REQUIREMENT:
Return the records exactly as they stand, and keep the pictures out of the copy.

RECORDS TO USE: Begin

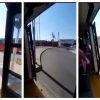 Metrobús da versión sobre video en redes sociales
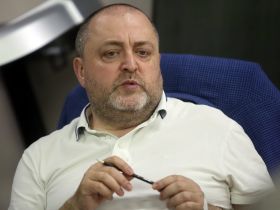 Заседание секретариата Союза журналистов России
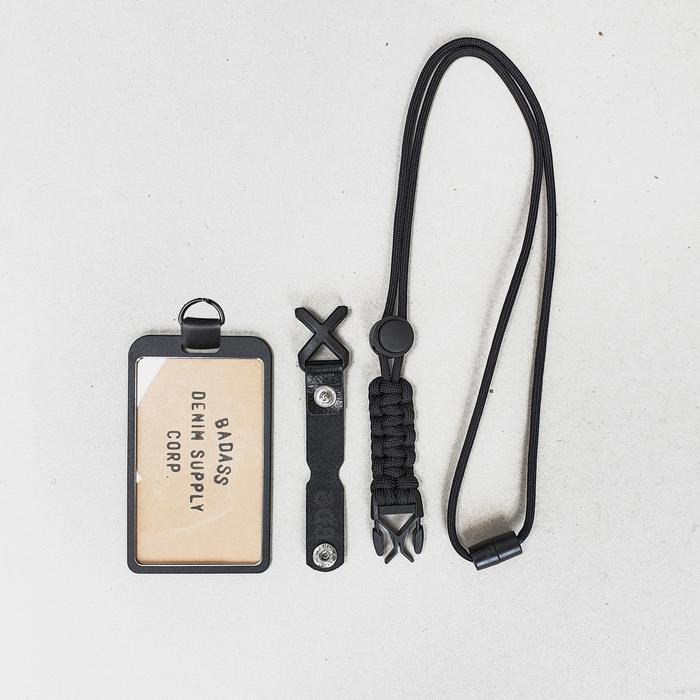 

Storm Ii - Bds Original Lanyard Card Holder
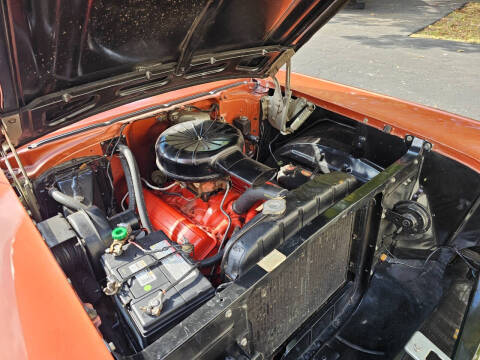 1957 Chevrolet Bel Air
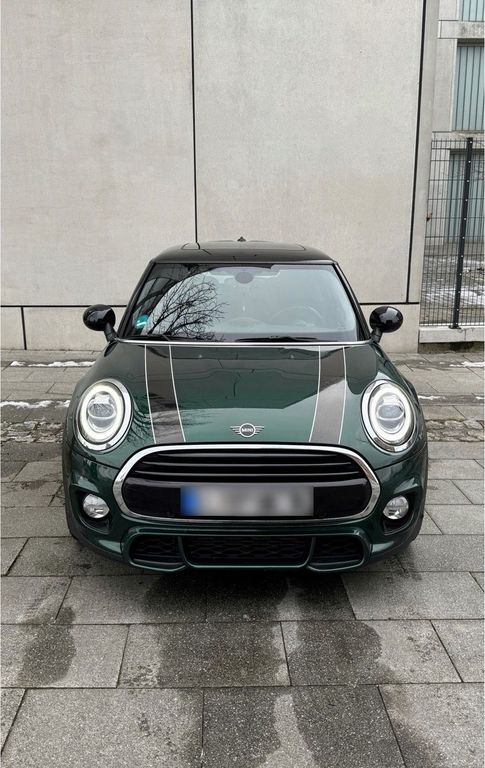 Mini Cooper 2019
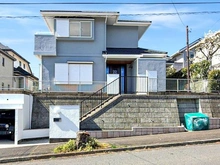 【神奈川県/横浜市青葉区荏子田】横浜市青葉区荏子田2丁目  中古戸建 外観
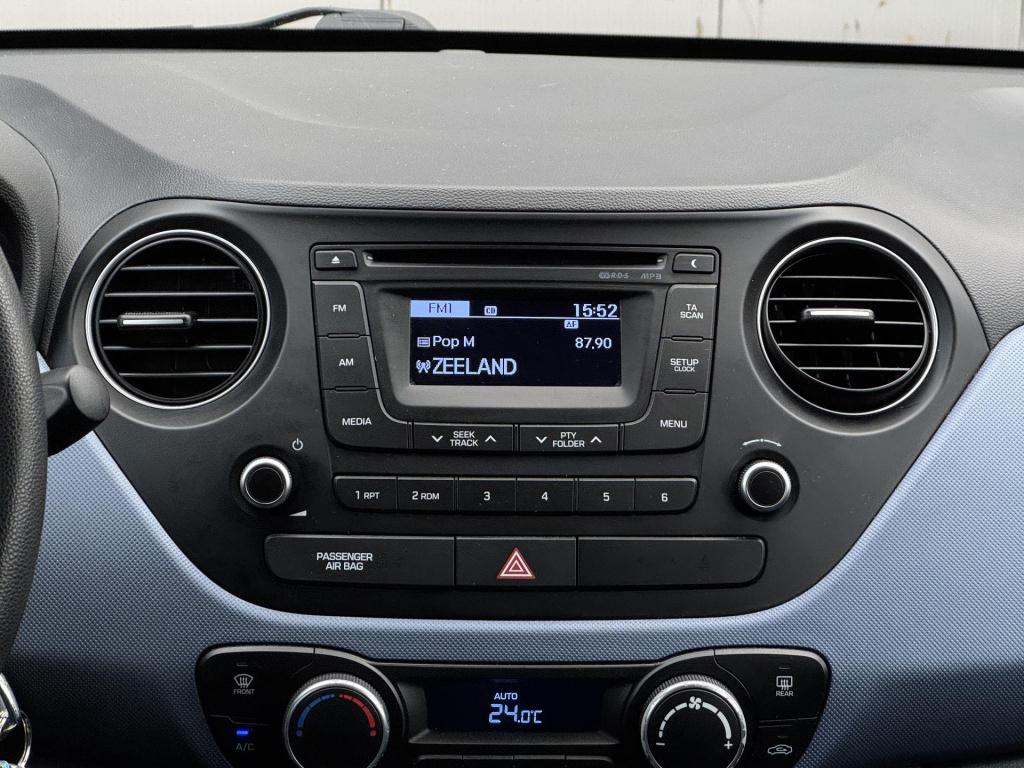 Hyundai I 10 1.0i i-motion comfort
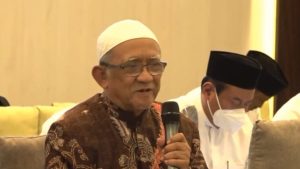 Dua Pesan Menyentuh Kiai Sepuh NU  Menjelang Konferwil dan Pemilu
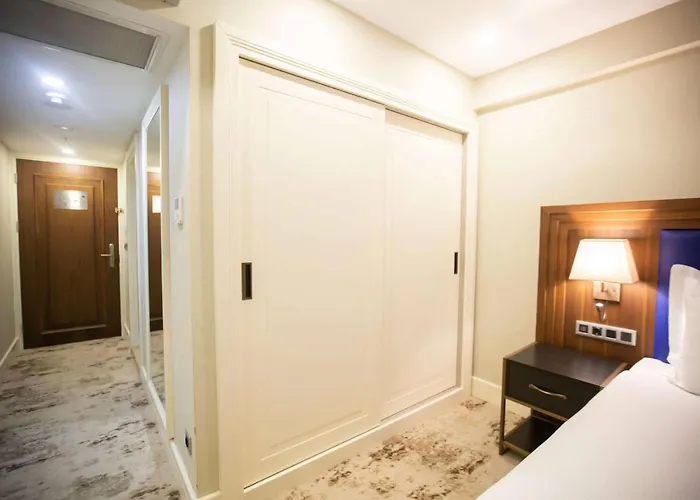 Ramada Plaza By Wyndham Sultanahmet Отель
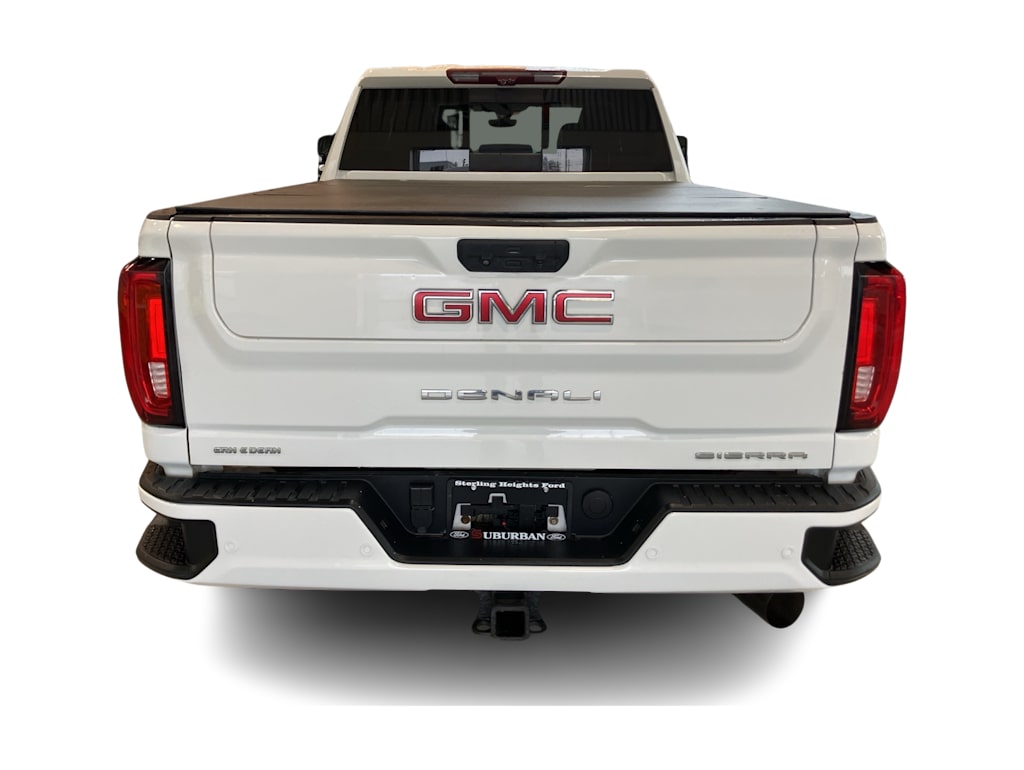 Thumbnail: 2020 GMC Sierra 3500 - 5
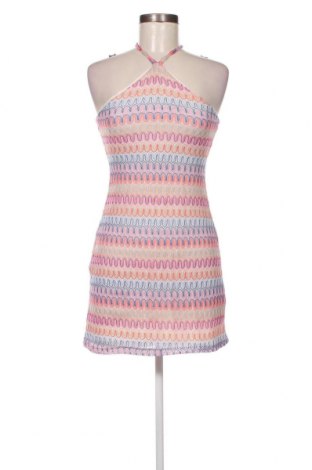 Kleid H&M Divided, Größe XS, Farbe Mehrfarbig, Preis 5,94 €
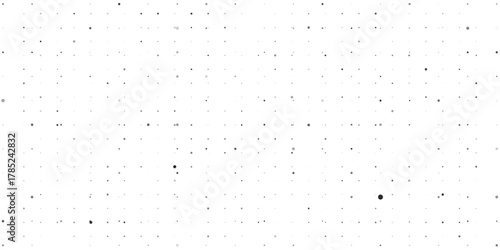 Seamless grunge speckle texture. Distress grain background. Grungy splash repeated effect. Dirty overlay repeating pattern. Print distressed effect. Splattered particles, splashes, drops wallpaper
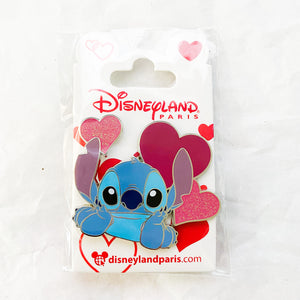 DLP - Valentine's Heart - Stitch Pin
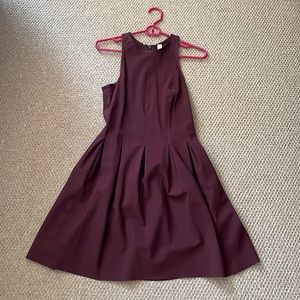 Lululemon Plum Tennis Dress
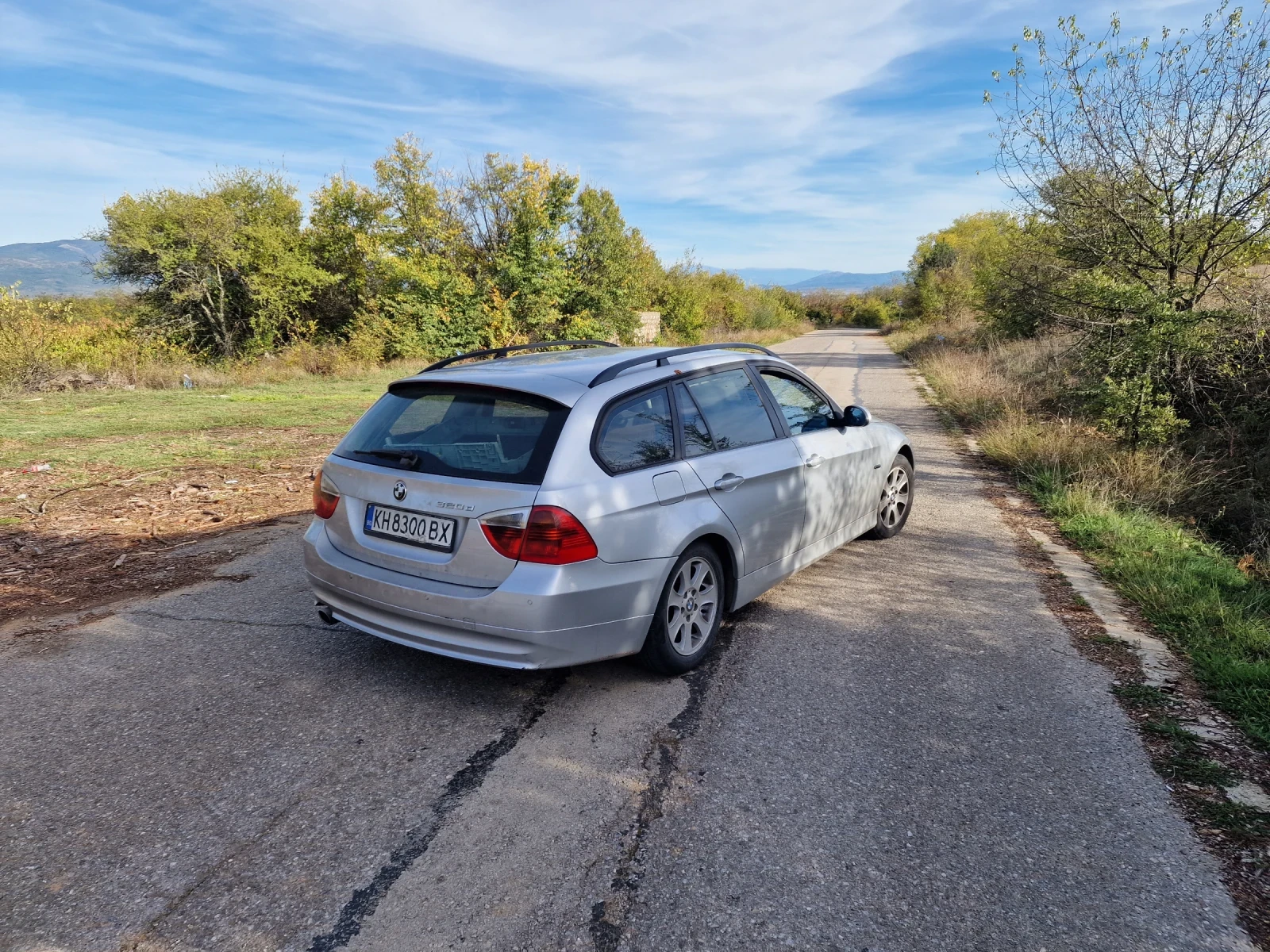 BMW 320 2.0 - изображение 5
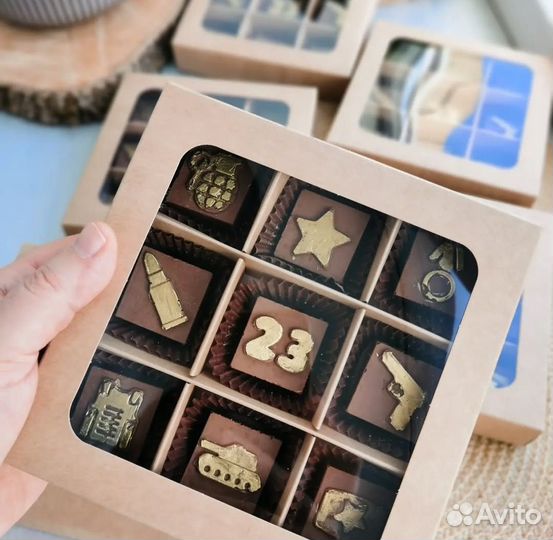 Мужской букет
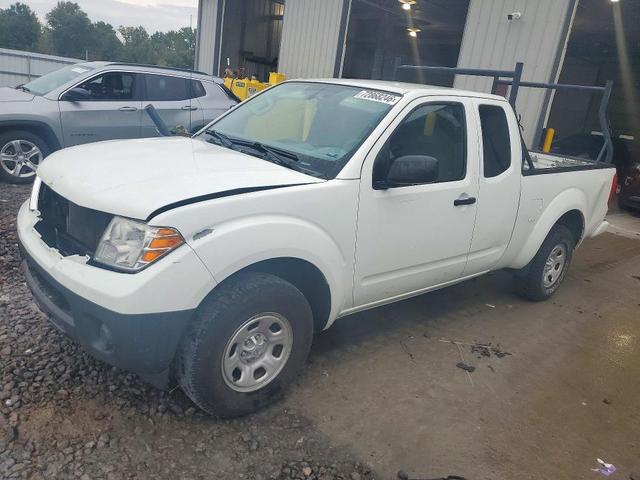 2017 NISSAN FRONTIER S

RECORDS TO USE: End

WRITTEN RESPONSE:
 Metrobús da versión sobre video en redes sociales
 Заседание секретариата Союза журналистов России

Storm Ii - Bds Original Lanyard Card Holder
 1957 Chevrolet Bel Air
 Mini Cooper 2019
 【神奈川県/横浜市青葉区荏子田】横浜市青葉区荏子田2丁目  中古戸建 外観
 Hyundai I 10 1.0i i-motion comfort
 Dua Pesan Menyentuh Kiai Sepuh NU  Menjelang Konferwil dan Pemilu
 Ramada Plaza By Wyndham Sultanahmet Отель
 Thumbnail: 2020 GMC Sierra 3500 - 5
 Kleid H&M Divided, Größe XS, Farbe Mehrfarbig, Preis 5,94 €
 Seamless grunge speckle texture. Distress grain background. Grungy splash repeated effect. Dirty overlay repeating pattern. Print distressed effect. Splattered particles, splashes, drops wallpaper
 DLP - Valentine's Heart - Stitch Pin
 Lululemon Plum Tennis Dress
 BMW 320 2.0 - изображение 5
 Мужской букет
 2017 NISSAN FRONTIER S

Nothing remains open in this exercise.